[Stored data]

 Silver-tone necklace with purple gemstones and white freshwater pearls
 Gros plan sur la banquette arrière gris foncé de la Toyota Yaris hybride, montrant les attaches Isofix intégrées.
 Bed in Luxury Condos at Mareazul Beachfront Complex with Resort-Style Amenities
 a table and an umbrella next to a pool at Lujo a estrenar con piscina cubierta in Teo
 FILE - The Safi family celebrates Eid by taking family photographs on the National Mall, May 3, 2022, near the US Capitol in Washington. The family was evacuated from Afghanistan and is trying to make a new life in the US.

PROBLEM DETAILS:
The response must consist solely of the lines from the first line of the entries through the line containing "Gros plan sur", repeated exactly.

TASK OUTPUT:
 Silver-tone necklace with purple gemstones and white freshwater pearls
 Gros plan sur la banquette arrière gris foncé de la Toyota Yaris hybride, montrant les attaches Isofix intégrées.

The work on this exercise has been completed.